The National Popular Vote Interstate Compact ties states’ Electoral College votes to the national popular vote winner as a way to level the playing field, ensuring that all voters, rather than just those in battleground states, will play a role in electing the U.S. president. According to data cited by the National Popular Vote organization, battleground states have a distinct advantage in U.S. politics, receiving not only the most attention during campaigns, but also 7% more federal grants and twice as many presidential disaster declarations.
“The National Popular Vote proposal is really about making every state relevant, in every presidential election,” National Popular Vote organization president Barry Fadem said in an interview.
“Some people talk about the fact that we’ve had a candidate winning the presidency without winning the national popular vote, and I think voters care about that. But at the end of the day, the most important reason for the National Popular Vote proposal is to guarantee every voter in every state that their vote counts in the presidential election,” he added.
The interstate compact will take effect once it reaches 270 electoral votes, the number needed to ensure a majority and elect a president. With Connecticut, the compact currently has 172 votes, putting it 98 votes away from becoming reality.
Prior to the Connecticut vote, the most recent state to join the compact was New York in 2014. Fadem hopes, however, that Connecticut’s decision to join the coalition will spur other states to follow suit.
“This is the first state to approve the National Popular Vote since President Trump won in 2016, so we’re very encouraged and we really think that this is going to have an effect on other states who have been considering it,” Fadem said.
“I think the vote in 2016 stimulated a lot more interest in the subject,” Fadem added. “As we’ve gone around the country, people seem to know a lot more about the policy and, I would say, are even more eager now about the National Popular Vote proposal and how it might change the current system.”
Many states have already been considering the proposal. During the 2017 to 2018 legislative session, National Popular Vote bills were introduced in Alaska, Arizona, Georgia, Kansas, Minnesota, Missouri, North Carolina, Ohio, Oregon, Pennsylvania and South Carolina. Measures failed or died in committee in Florida, Maine, New Mexico, Utah and Virginia. There are also ballot measures currently under consideration in Maine and Arizona.
The initiative has also found partial success in some state legislatures. Since 2006, the measure has cleared at least one legislative chamber in Arkansas, Arizona, Colorado, Delaware, Maine, Michigan, New Mexico, North Carolina, Nevada, Oklahoma and Oregon. Fadem pointed to these states as the initiative’s key targets for the 2019 legislative session — particularly New Mexico and Arizona, where the measure passed in 2017 and 2016, respectively.
“There are a number of states that we’ve passed one House in, so I think those would be natural targets,” Fadem said. “But to be honest with you, we’re getting calls as a result of Connecticut from states that we haven’t been as active in, so we’ll go everywhere we can in 2019.”

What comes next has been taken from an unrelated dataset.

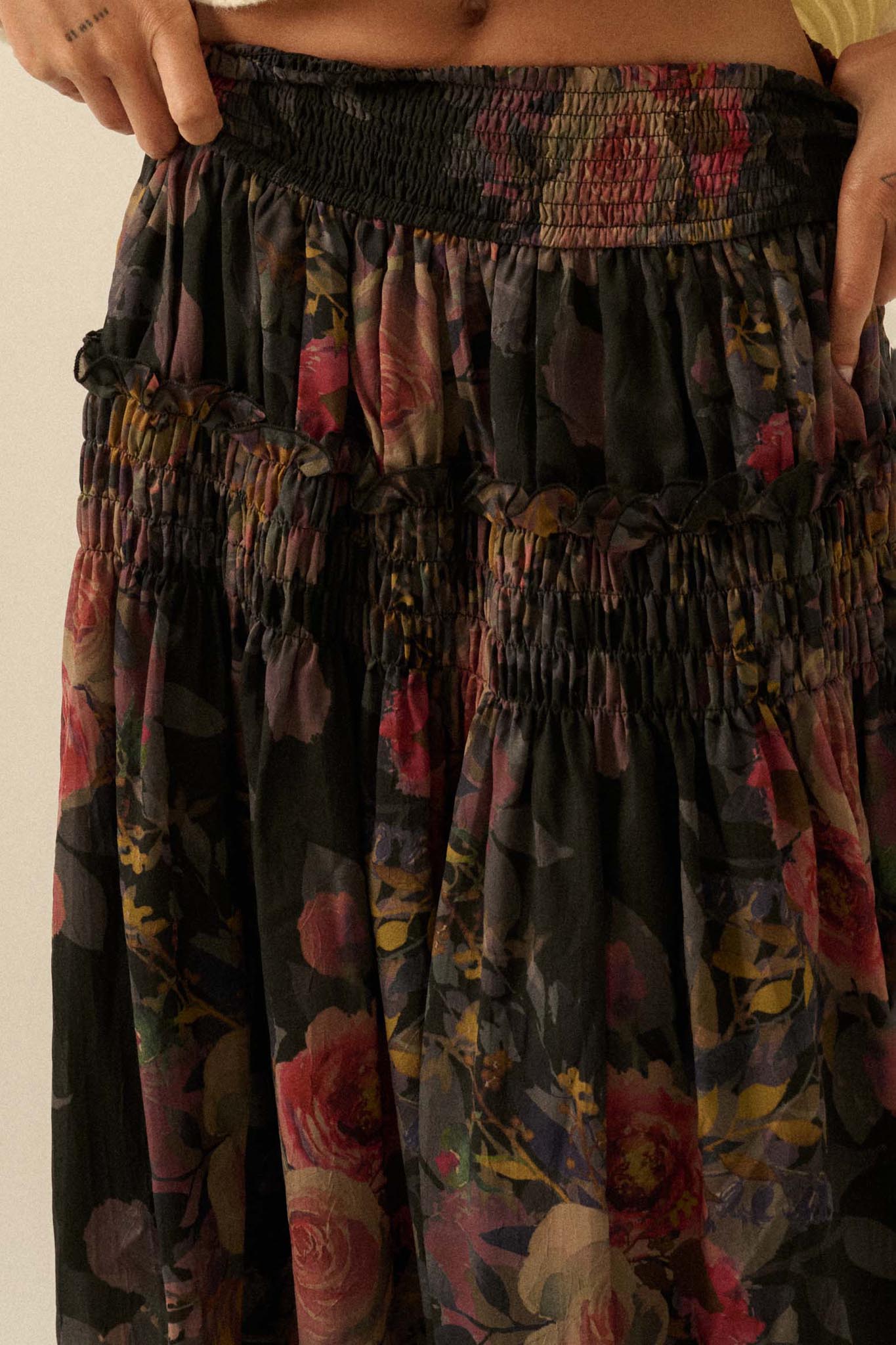 Garden Ramble Smocked Floral Chiffon Maxi Skirt - ShopPromesa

Emphasizing the popular vote would seem to be a particularly friendly policy for Democrats; with the exception of the 2004 election, no Republican has won the popular vote since 1988, and enacting such a policy would have elected Democrats Al Gore and Hillary Clinton. All of the states that have signed on to the compact thus far are traditionally Democratic-leaning states that voted for Clinton in the 2016 election.

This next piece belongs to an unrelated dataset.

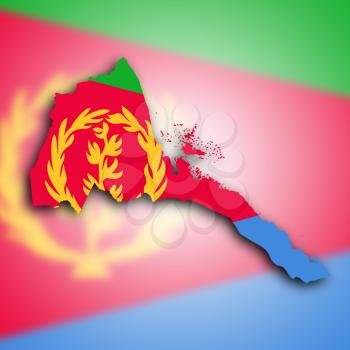 Map of Eritrea filled with the national flag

Fadem stressed, however, that the proposal is beneficial on both sides of the aisle.
“If you’re a red state and you’re not a battleground state, that means one thing: that there won’t be any presidential campaigning in your state, no ads talking about issues that are important in that state — basically they’re shut out of the presidential election,” Fadem said. “The presidential election every four years … is certainly the most important, most exciting election that’s conducted in our country. And it also causes a lot of activity in the states it’s conducted in. So for a red state or blue state that doesn’t get to participate, that’s why this proposal makes sense.”
Though the states that have already joined the compact are reliably Democratic, some state Republicans have already shown their support for the National Popular Vote proposal. The Arizona House of Representatives, which passed the measure with a vote of 40 to 16, became the third Republican-controlled state legislative chamber to pass the proposal, after the Oklahoma and New York Senates.
The Connecticut bill also received some bipartisan support, with three Republicans voting for the measure in the Senate. Fadem said he expects this bipartisan support “will be the trend as [other bills] move ahead.”
“Any legislator in any state that is not a battleground state should support this proposal, because it’s about making their state relevant in the presidential election,” Fadem said.
“It doesn’t matter if you’re a Republican or a Democrat, or a Libertarian or a Conservative or a Green Party [member]. If you live in a state that is reliably red or reliably blue, that means you’re condemned to never participate in the presidential election, and we think it’s time to change that.”